# [Required work]
A verbatim reproduction of the lines below, from the line containing "two beds sitting" through the line containing "White Tesla parked up in scenic spot.", both ends included, is the whole required output.

# [Records supplied]
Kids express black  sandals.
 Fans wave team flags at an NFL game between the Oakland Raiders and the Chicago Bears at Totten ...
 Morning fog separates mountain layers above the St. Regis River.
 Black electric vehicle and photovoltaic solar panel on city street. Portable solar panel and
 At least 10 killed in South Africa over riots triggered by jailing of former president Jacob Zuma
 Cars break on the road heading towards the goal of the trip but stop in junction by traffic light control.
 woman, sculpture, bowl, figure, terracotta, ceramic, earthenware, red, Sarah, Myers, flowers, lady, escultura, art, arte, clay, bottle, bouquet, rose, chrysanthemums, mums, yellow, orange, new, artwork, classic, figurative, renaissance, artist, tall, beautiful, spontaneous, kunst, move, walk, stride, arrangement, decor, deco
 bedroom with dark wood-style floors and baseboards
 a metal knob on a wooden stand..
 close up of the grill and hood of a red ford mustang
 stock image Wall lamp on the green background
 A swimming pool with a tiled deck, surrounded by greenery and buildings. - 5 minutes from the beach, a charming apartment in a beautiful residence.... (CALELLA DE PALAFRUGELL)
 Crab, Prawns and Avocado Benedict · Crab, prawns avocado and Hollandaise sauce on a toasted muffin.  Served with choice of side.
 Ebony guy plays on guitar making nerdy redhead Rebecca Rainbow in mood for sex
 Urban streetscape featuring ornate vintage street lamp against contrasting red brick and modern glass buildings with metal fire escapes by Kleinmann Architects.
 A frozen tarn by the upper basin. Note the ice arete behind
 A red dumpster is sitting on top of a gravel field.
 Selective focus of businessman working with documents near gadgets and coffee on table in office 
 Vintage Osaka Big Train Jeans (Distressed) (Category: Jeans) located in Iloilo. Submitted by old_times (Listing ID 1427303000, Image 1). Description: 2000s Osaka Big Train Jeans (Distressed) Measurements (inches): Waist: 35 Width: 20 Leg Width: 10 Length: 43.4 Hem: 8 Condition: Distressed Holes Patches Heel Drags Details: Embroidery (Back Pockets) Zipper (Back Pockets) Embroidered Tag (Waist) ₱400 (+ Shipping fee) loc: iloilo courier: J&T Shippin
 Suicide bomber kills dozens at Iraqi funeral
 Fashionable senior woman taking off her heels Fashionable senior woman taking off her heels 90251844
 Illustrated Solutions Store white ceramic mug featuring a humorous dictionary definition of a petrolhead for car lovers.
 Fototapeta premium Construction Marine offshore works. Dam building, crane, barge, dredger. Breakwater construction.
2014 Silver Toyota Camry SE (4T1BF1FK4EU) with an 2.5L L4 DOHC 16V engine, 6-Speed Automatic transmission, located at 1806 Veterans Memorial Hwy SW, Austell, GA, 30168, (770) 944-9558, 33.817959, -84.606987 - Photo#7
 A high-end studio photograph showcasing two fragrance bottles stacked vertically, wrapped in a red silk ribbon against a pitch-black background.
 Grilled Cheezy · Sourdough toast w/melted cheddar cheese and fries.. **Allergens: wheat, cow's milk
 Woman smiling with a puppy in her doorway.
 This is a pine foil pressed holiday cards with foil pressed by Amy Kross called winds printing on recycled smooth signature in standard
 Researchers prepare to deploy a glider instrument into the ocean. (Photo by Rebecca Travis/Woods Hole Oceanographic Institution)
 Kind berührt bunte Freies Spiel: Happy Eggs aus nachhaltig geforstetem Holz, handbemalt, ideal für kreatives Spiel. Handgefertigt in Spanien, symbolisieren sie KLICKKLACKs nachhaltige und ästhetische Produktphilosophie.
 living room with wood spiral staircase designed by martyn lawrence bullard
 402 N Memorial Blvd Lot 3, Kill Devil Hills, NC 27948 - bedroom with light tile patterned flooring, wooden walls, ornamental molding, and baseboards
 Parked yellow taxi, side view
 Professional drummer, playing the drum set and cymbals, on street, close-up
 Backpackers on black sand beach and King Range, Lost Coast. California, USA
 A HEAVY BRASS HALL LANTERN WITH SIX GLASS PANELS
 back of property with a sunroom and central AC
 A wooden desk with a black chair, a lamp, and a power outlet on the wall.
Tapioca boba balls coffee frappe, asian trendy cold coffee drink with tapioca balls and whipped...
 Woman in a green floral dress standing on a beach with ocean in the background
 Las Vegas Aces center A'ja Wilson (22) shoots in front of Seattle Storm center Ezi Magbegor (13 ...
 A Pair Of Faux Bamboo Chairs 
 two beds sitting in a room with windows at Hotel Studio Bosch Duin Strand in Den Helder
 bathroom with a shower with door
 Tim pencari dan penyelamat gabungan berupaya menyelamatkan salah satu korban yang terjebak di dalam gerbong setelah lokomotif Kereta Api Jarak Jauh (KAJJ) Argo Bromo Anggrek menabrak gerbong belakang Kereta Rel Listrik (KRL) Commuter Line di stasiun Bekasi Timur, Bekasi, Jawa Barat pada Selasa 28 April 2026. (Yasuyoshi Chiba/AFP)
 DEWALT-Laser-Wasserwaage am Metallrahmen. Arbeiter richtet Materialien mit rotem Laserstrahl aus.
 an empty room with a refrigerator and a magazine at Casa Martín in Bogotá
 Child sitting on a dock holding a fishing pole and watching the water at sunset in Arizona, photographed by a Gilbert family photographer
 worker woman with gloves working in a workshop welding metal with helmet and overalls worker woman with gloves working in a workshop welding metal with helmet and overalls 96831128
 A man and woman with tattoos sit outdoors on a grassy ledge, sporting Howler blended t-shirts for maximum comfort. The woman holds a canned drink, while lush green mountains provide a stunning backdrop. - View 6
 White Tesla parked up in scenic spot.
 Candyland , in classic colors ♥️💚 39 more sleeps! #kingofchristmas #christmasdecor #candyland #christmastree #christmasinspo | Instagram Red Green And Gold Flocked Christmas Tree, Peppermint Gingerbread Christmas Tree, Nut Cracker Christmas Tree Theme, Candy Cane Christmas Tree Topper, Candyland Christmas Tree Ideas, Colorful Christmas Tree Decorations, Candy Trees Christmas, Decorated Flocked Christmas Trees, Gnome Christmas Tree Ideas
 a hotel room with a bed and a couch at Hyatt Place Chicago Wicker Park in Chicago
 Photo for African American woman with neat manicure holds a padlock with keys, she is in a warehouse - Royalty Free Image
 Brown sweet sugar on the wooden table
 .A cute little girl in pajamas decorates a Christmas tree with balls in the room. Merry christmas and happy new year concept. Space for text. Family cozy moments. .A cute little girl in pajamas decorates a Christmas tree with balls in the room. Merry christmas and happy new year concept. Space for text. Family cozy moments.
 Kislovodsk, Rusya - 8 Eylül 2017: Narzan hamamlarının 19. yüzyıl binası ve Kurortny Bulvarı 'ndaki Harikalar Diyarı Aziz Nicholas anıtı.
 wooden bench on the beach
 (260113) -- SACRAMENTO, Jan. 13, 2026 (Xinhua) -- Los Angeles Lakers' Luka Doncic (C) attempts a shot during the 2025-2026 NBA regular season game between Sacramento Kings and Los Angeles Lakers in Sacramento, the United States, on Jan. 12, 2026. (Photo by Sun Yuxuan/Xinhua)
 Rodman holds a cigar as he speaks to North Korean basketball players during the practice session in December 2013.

# [Finished exercise]
 two beds sitting in a room with windows at Hotel Studio Bosch Duin Strand in Den Helder
 bathroom with a shower with door
 Tim pencari dan penyelamat gabungan berupaya menyelamatkan salah satu korban yang terjebak di dalam gerbong setelah lokomotif Kereta Api Jarak Jauh (KAJJ) Argo Bromo Anggrek menabrak gerbong belakang Kereta Rel Listrik (KRL) Commuter Line di stasiun Bekasi Timur, Bekasi, Jawa Barat pada Selasa 28 April 2026. (Yasuyoshi Chiba/AFP)
 DEWALT-Laser-Wasserwaage am Metallrahmen. Arbeiter richtet Materialien mit rotem Laserstrahl aus.
 an empty room with a refrigerator and a magazine at Casa Martín in Bogotá
 Child sitting on a dock holding a fishing pole and watching the water at sunset in Arizona, photographed by a Gilbert family photographer
 worker woman with gloves working in a workshop welding metal with helmet and overalls worker woman with gloves working in a workshop welding metal with helmet and overalls 96831128
 A man and woman with tattoos sit outdoors on a grassy ledge, sporting Howler blended t-shirts for maximum comfort. The woman holds a canned drink, while lush green mountains provide a stunning backdrop. - View 6
 White Tesla parked up in scenic spot.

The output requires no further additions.